Turning the MMO daily grind into a daily adventure

“ZHPS- Daily Grind” by Meado

Ah, daily quests: the brave attempt of many MMO’s to hide an incentive to come back every day underneath a coat of in-game gold and distant rewards. Where some MMO’s (like Neverwinter and Warframe) just reward you for logging in every day, with growing rewards for consecutive days, many other online games find that a bit too simple. Those games beckon with series of daily tasks, waiting for your completion. Every day, the same people need your help with the same tasks, while your repetitive support makes them love you more, which they show by opening their collection of powerful items to you. Where game designers see an interesting scheme to call players back to their games every day, players often find boredom. A sad reality that should, and can be, alleviated.

Yes, let’s be honest about this: daily quests are nothing but a way to trick players into coming back every day so they can unlock gear or vanity items. For game designers, it’s a nice system to lock some part of the progression behind a barrier of repetitive tasks, while also guaranteeing daily visits from players. Once they’ve round-up their dailies, most players stick around to do other things in the game, which is just what the designers want. I can understand all of this, but if you want to make sure players don’t get burned out by these digital versions of chores, they need to become engaging. Dailies have to stop being a grind, and have to become mini-adventures.

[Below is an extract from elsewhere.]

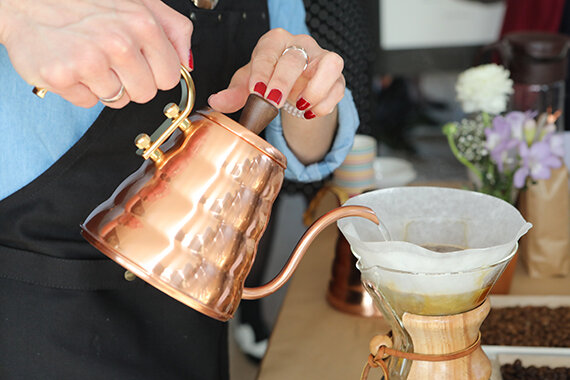 Der Blonde Roast wird mit einem Handkaffeefilter, einer Filtermaschine oder einer Frenchpress zubereitet.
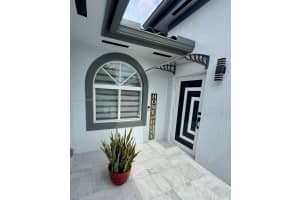 15551 SW 14th St, Miami, FL 33194, Sold 06/13/25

But how can you achieve that? Well, I won’t tell you anything new here, because I think game designers are already on the right path. To illustrate my proposals, I will use World of Warcraft as an example. As the MMO I have invested the most time in, I can use it best to illustrate what makes good daily quest design, and what makes bad daily quest design. Also, WoW has been going through quite some changes in that field, so it’s very suitable as exhibition material.

I’m convinced that good daily quests contain three things:

  • variation
  • a sense of progression
  • a story

Let’s focus on variation first. Way back, in the days of Burning Crusade, daily quests were brand new. Three factions had them, and you were limited to ten dailies a day. Every day, you had to do the same set of quests to increase your standing with the Netherwing, Ogri’la or Sha’tari Skyguard. Every day, you would take the same route around the zone to complete your tasks, hand them in and pray you would reach the highest standing before you went mad.

I mean, who actually enjoys doing the exact same thing every day? No one. Still, it took Blizzard until Cataclysm to provide daily quest hubs with bigger quest pools, from which a certain amount was pulled each day. The response of the players was really positive: if your eighteen daily quests of a faction are chosen randomly from a pool of 55, the chances you’ll do the exact same combination of quests every day is somewhat lower. This means you will not run the exact same route, and gives the added “which tasks will I have today?”-effect. Players won’t whisper that last line in a sarcastic tone, but in an honest voice of anticipation. Variation is thus a motivator which is essential to the enjoyment of dailies.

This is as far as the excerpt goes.